Hennrich ist in seiner Fraktion nicht nur Berichterstatter für den Pharmadialog sondern auch für Arzneimittelthemen. Am gestrigen Donnerstag auf dem Unternehmertag des Bundesverbandes der Pharmazeutischen Industrie (BPI) stellte der Gesundheitspolitiker die Eckpunkte seiner Arzneimittelpolitik für die nächsten Monate vor.

Importquote und Rabattverträge bleiben

Eigentlich sollte es für die Pharmaindustrie eine „ruhige“ Legislaturperiode sein, denn im Koalitionsvertrag waren nur wenige Arzneimittelthemen verankert, so Hennrich. Doch „Altlasten“ aus der vergangenen Wahlperiode wie das Arztinformationssystem, die Impfstoff- und Zytostikaversorgung und europarelevante Themen wie beispielsweise die HTA-Nutzenbewertung verlängern stetig die Aufgabenliste der Parlamentarier. Wichtig aus seiner Sicht sei es auch, über die Konsequenzen aus jüngsten Pharmaskandalen um Valsartan, Lunapharm und der Bottroper Zyto-Apotheke zu diskutieren.
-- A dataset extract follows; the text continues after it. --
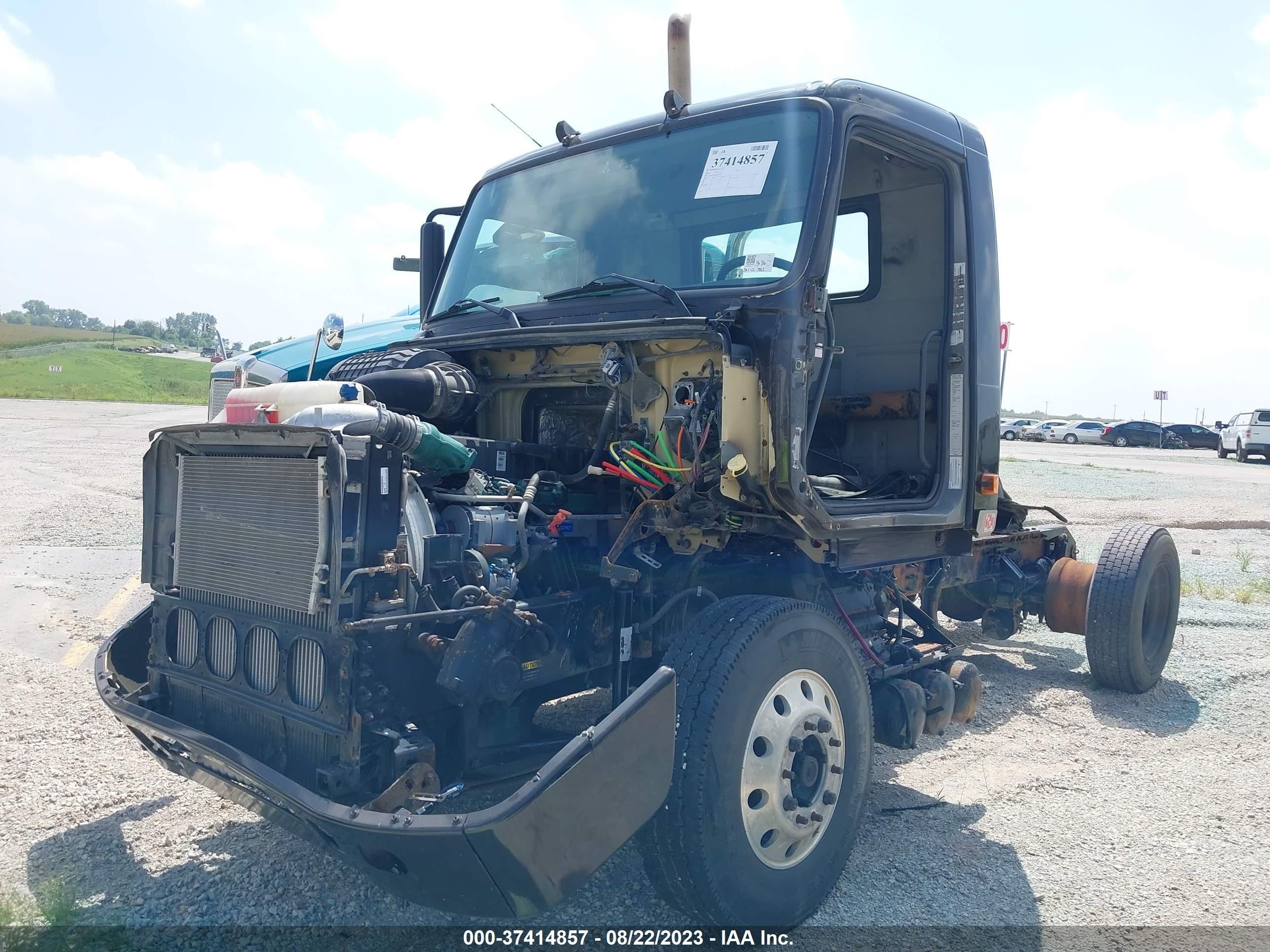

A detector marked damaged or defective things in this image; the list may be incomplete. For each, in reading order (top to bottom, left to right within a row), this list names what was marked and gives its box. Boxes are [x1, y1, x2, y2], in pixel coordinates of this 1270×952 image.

Wer nun hoffte, dass sich an dem Rabattsystem und der Importquote etwas ändere, dem nahm Hennrich den Wind aus den Segeln. Er sei es leid, seit Jahren immer wieder die gleichen Debatten zu führen, die nichts bringen würden. Als Konsequenz der Vorkommnisse in Brandenburg und bei Zhejiang Huahai plane Bundesgesundheitsminister Jens Spahn (CDU) bekanntlich, die Arzneimittelaufsicht zu zentralisieren. „Ich wünsche dabei viel Erfolg, dies mit den Ländern zu diskutieren“, so Hennrich. Allerdings habe Brandenburgs Gesundheitsministerin Karawanski (Linke) ihre Bereitschaft für eine engere Zusammenarbeit mit dem Bund bereits signalisiert.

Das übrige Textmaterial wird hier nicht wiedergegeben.